In recent times however, many of the things impacting the energy sector have of course originated from outside the national gas and electricity market governance structures of the COAG Energy Council and its market institutions.
In particular, the Commission and others have been pointing to the consequences of a lack of integration between energy and emission reduction policies. So the recent appointment of a Commonwealth Minister for Environment and Energy is a welcome development. Especially as it follows a request by the COAG Energy Council for our advice on the impact of emission reduction policies on the energy sector in order to facilitate better integration.
The achievement of traditional energy policy objectives, such as system security, reliability and price, and a policy to achieve a specified reduction in emissions from this sector, need not be seen as mutually exclusive.
It is not helpful to position a discussion of how to reduce emissions separately from how to maintain secure and reliable electricity supply as if they are. Especially for consumers who already find the pace of change to be quite confusing.

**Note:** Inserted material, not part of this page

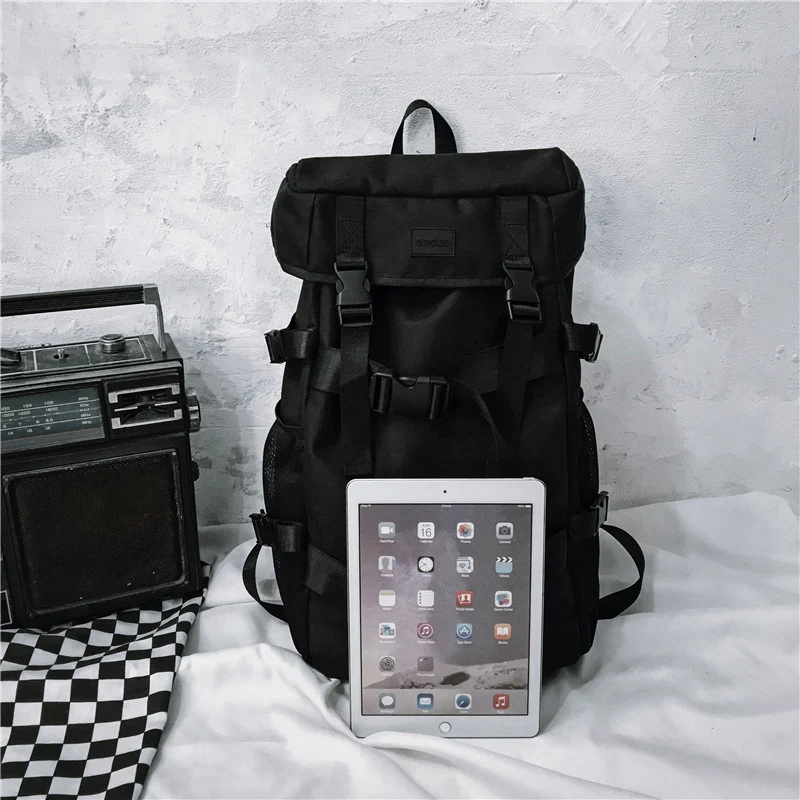 Mochila Grande e Estilosa Ins Cool – Design Trendy e Amplo Espaço Interno. Ideal para o dia a dia e viagens! — foto 6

The role of the traditional, centralised energy supply model is changing due to new products and services, including renewables like wind and solar. But much of the current debate is still inwardly focused on the industry when it should be going beyond renewables alone – because the change we are seeing in the market is increasingly led by consumers; and all about making sure consumers can make the choices that are best for them so they have greater control over how they manage and use their electricity.
A framework based on consumer choice
Much of our efforts over the past five years have been in providing more opportunities for consumers to make informed choices about the way they use electricity based on their own assessment of the benefits that end-use services provide to them.
The AEMC does not try and pick winners. We do not judge success by the penetration of any particular technology.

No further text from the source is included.